I had the creamy, rich spring-onion mash (scallions diced finely, boiled, then folded into the cooking spuds) with Kariba bream fillets “Waleska” (mushrooms and prawns in a cream sauce)…which was an unforgettable epicurean masterpiece at US$17.
Other fish and seafood dishes are pan-fried black tiger prawns (in or out of shell), piri-piri or with garlic and parsley butter and basmati rice at US$25; pan-seared salmon on wilted spinach, US$20; here’s one for tourists (what tourists?): grilled crocodile steak with garlic, sun-dried tomatoes and herbed butter (US$18) or Nyanga trout at US$17.

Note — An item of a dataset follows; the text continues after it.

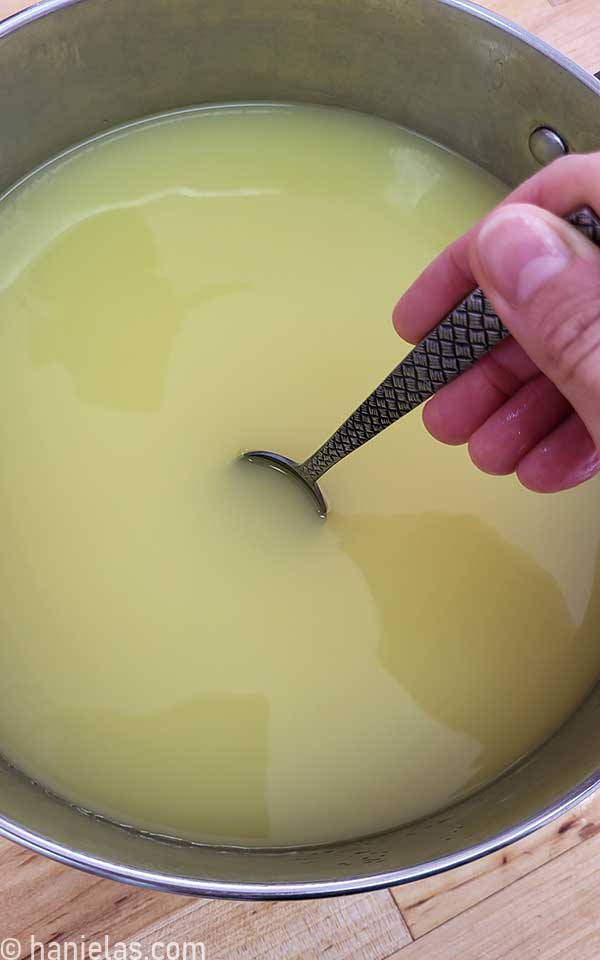 Hand holding a spoon, stirring liquid in a pot.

There’s a substantial list of vegetarian main courses at US$12. Most puddings are US$5; from that section I enjoyed home-baked apple-and-pear tart with sophisticated mint ice-cream; Black Forest cake is US$6 and a platter of local and imported cheeses US$7.
For US$6 the maître d’hôtel will dramatically flambé crepes Suzettes at the table. Flambéing is part of the theatre of dining out; mains cooked that way include pepper steaks, steak Diane or chicken Jelezy at US$18-US$20.
From a comprehensive wine list, all Cape whites or reds are US$7 a glass or US$25 a bottle; premium labels US$8/US$30. Celebrating? Moet & Chandon champagne is US$180!
All these prices — even the bubbly in such a joint—I feel are excellent value for money, all taken into account. Which makes it harder to understand how the — granted wonderfully opulent — breakfast buffet at the Brasserie costs US$26 for non-residents.
That’s essentially bacon and eggs and maybe sausage with fruit, fruit juice, cereals, toast and something to spread on it. As far as I know that meal is US$6 heavier than Mono’s main competitors in Ha-ha-ha-rare (Africa’s fun capital) and a tenner dearer than the most expensive brekker I ever bought in my life (a veritable cornucopia in Florida.)
When I recently whinged in print that The Bronte had unreasonably hiked breakfast from US$16 to US$20, their response was…to drop it to US$12! Keep your fingers crossed!